This print would likely have appeared in a loose sheet folio of the works of the Pre-Raphaelites dating from around 1900.
The series of watercolours from which this set of photogravures were taken were a result of a commission from William Morris, Burne-Jones' close friend and collaborator, for the production of stained glass windows at the Church of Saint Editha at Tamworth in Staffordshire. A set of pencil drawings were produced slightly earlier than the watercolours. Later, the images were to be translated into stained glass windows for the Saint George Chapel, East Window, in the Church of Saint Editha at Tamworth in Staffordshire. A duplicated set of the stained glass windows are featured in the Unitarian Chapel of Harris Manchester College, Oxford. Five of the six watercolours are now held in the collection of the Fogg Art Museum of Harvard University. Unfortunately, whilst the complete set were on loan to the dining hall of Dunster House, Harvard University, in the 1970s, the fourth panel was cut out from the frame, stolen, and never recovered.

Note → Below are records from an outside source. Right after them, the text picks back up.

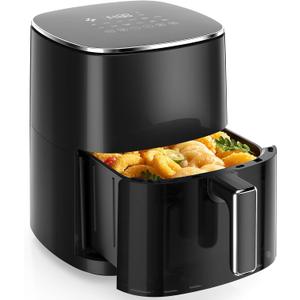 Sweetcrispy 6QT Air Fryer with Window, Square Airfryer Oven 12-in-1 for Family, 400°F Rapid Air Crispy Technology, Roast Bake Dehydrate, Nonstick & Easy-Clean Basket, Black, 6.34 Quarts
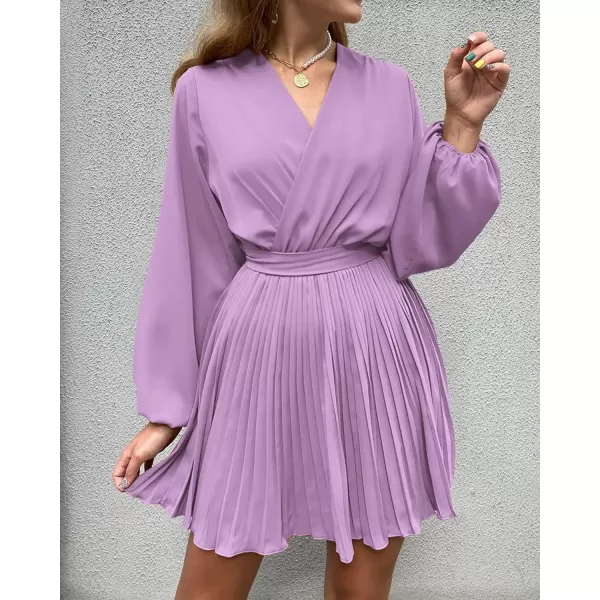 imageBTFBM Women Casual Summer Fall Dresses 2023 Boho Wrap V Neck Puff Long Sleeve Cocktail Flowy Pleated ALine Mini DressSolid Purple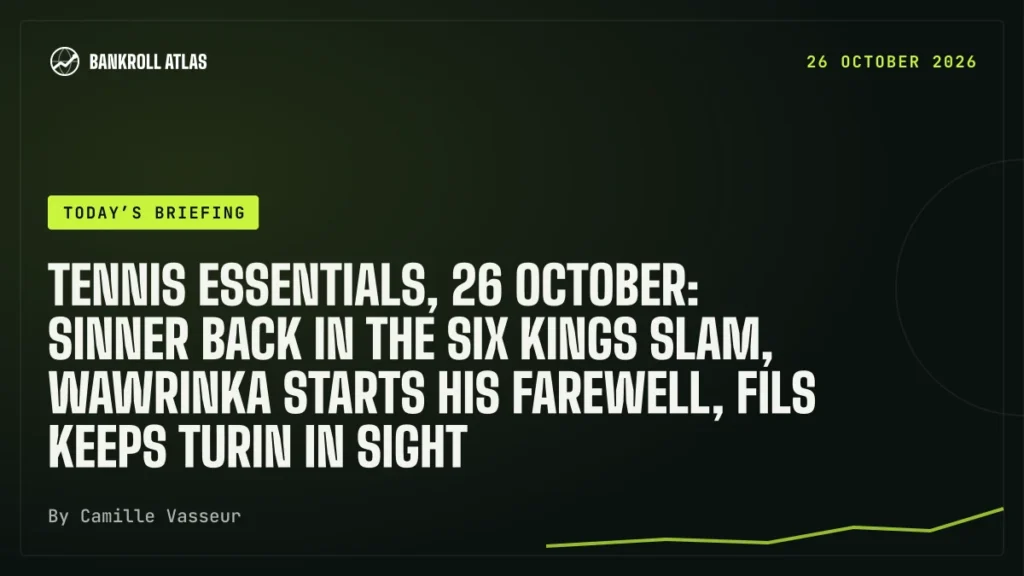 Tennis essentials, 26 October: Sinner back in the Six Kings Slam, Wawrinka starts his farewell, Fils keeps Turin in sight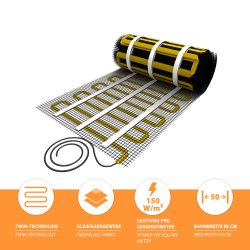 17/5 Gold heating mat 150Watt/m² 1-10m² rolled out, 3,5m²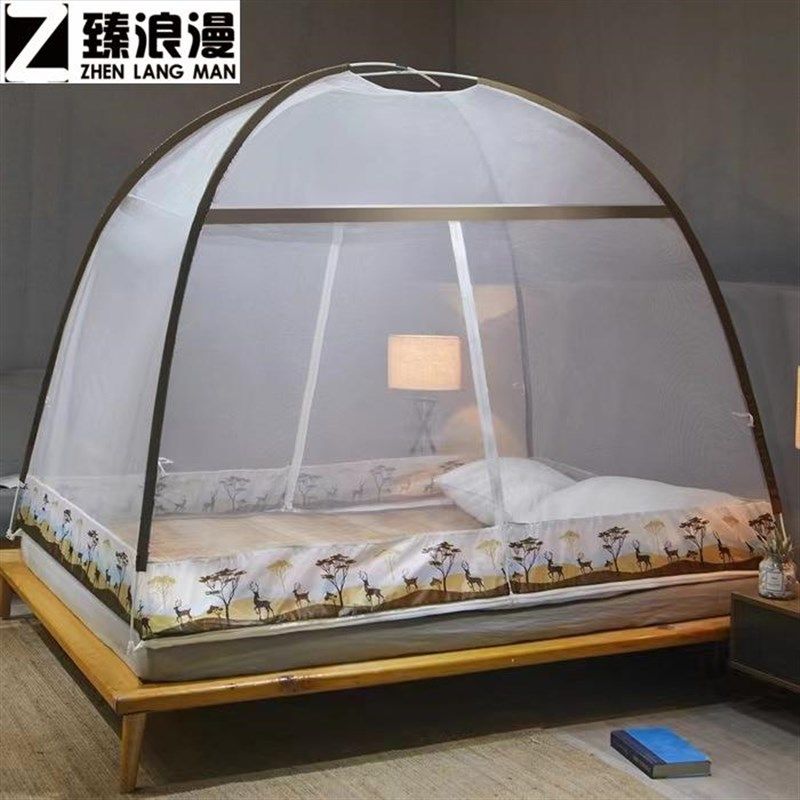 1米2单人床蚊帐家用蒙古包免安装1.5m床1.8米纹帐单双人1.0m学生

Frederick Hollyer (1837 - 1933) was a mezzotint engraver and famed photographic reproducer of Victorian paintings. Born in London, Frederick was the son of the line engraver Samuel Hollyer. In his junior years he flirted with engraving, and it was in this practise that he received renown for a series of mezzotints he produced after Edwin Landseer. It was his interest, and subsequent pioneering in the field of photography that defined Hollyer's career. He began by making albumen prints from collodion negatives but then was fiercely active in the development of the platinotype. The method of printing, combined with a dry gelatin plate, as opposed to an emulsified version, results in a very high quality matte finish. The prints display a greater tonal subtlety and formal veracity; they are also far more durable. In the 1870's, Hollyer established a business in photographic reproduction based upon this medium and, under the patronage of Frederick Leighton, specialised in the copying of Pre-Raphaelite painting and drawing. These reproductions were used in books and magazines, and thus contributed hugely to the popularity of the movement. A fact that was acknowledged in Hollyer's obituary by The Times when they wrote that he did as much for the Brotherhood with his prints as John Ruskin did with his pen.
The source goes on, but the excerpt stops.